The synthetic strategy of the FeNC/MXene hybrid nanosheet is illustrated in Scheme 1. Iron precursor (ferrous acetate) and nitrogen ligand (1,10-phenanthroline monohydrochloride monohydrate) were first mixed in the ethanol to form an iron–ligand complex. Subsequently, MXene nanosheets were added and a uniform layer of iron complex was coated on the MXene surface. After a heat treatment in the inert atmosphere, FeNC/MXene hybrid nanosheet was synthesized with the FeNC layer closely attached on the surface of each MXene (will be demonstrated later).

Scheme 1 Schematic synthetic strategy of the FeNC/MXene hybrid nanosheet.
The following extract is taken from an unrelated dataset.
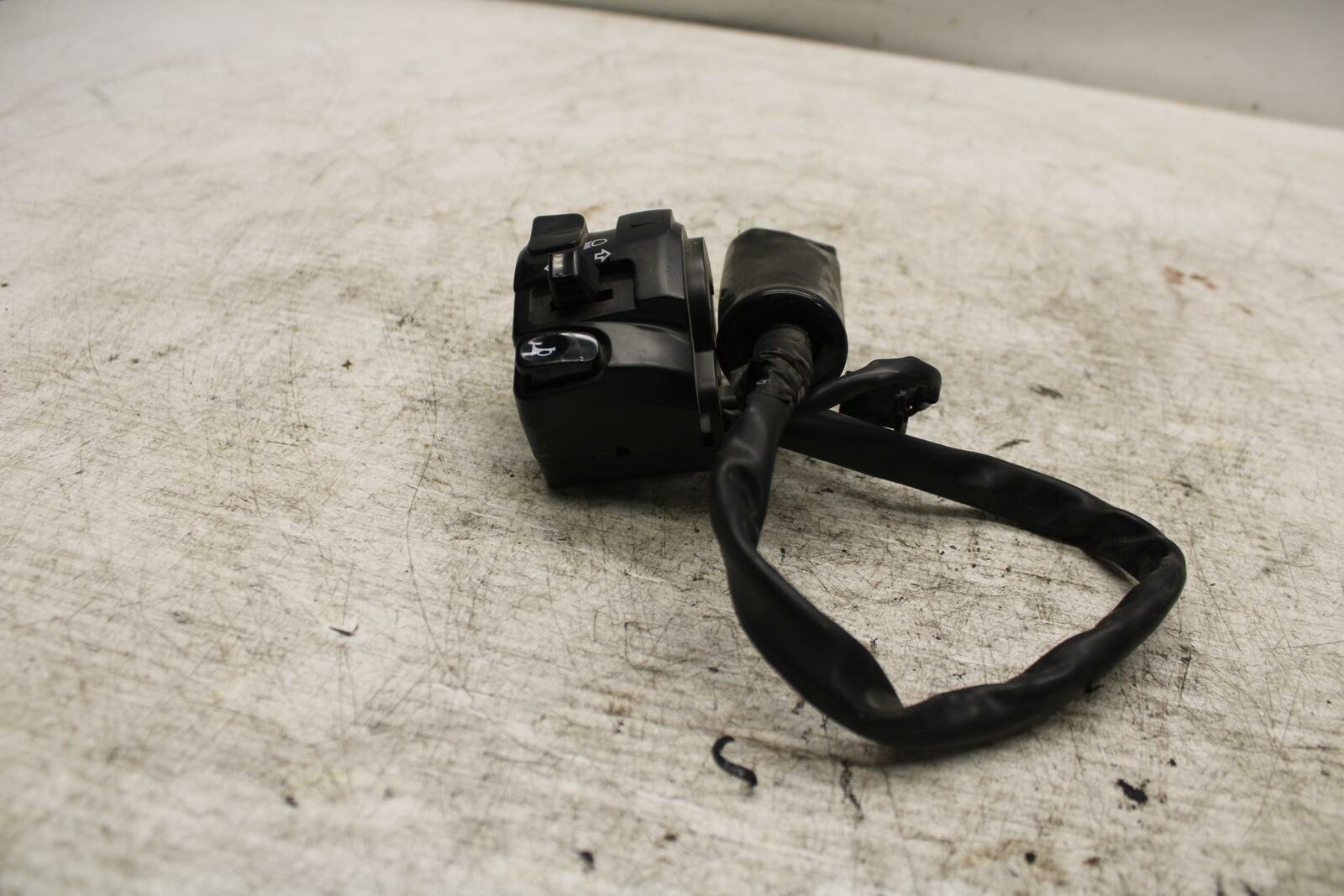 12-13 KAWASAKI EX300 NINJA LEFT CLIP ON HANDLE HORN SIGNALS SWITCH BB373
The structure of FeNC/MXene hybrid nanosheet was first investigated by X-ray diffractometer (XRD) and Raman analysis. Fig. 1a presents the XRD patterns, indicating the impregnation of FeNC into the MXene nanosheets. The XRD pattern of the pristine MXene displays a sharp peak at 8.4° and small peaks at 34.0°, 41.8°, 61.6°, which are assigned to the characteristic (002), (101), (105) and (110) planes, respectively, for Ti₃C₂T_x MXene and thus confirmed the successfully synthesis of MXene nanosheets. However, the (002) peak almost disappeared in the XRD pattern of FeNC/MXene-1, replaced by four new broad peaks, centered at 35.2°, 43.8°, 41.3° and 44.7°, corresponding to (200) and (102) planes of Fe₃C phase (JCPDS no. 65-2412), (002) plane of Fe₃N (JCPDS no. 21-1276), and (110) plane of metallic iron (JCPDS no. 65-4899), respectively. It is speculated that the disappearance of (002) peak in FeNC/MXene-1 may be attributed to the wrecked lattice arrangement of MXene nanosheets and thus indicated the incorporation of FeNC into each single MXene nanosheet. It should be also note that the background of MXene XRD pattern is a bit rough, which is related with the exfoliation process resulting in a loss of diffraction signal in the out-of-plane direction and the nonplanar shape of MXene nanosheets leading to broadening of the peaks for in-plane diffraction.¹⁷

Fig. 1 XRD (a) and Raman (b) spectra of the pristine MXene and FeNC/MXene-1.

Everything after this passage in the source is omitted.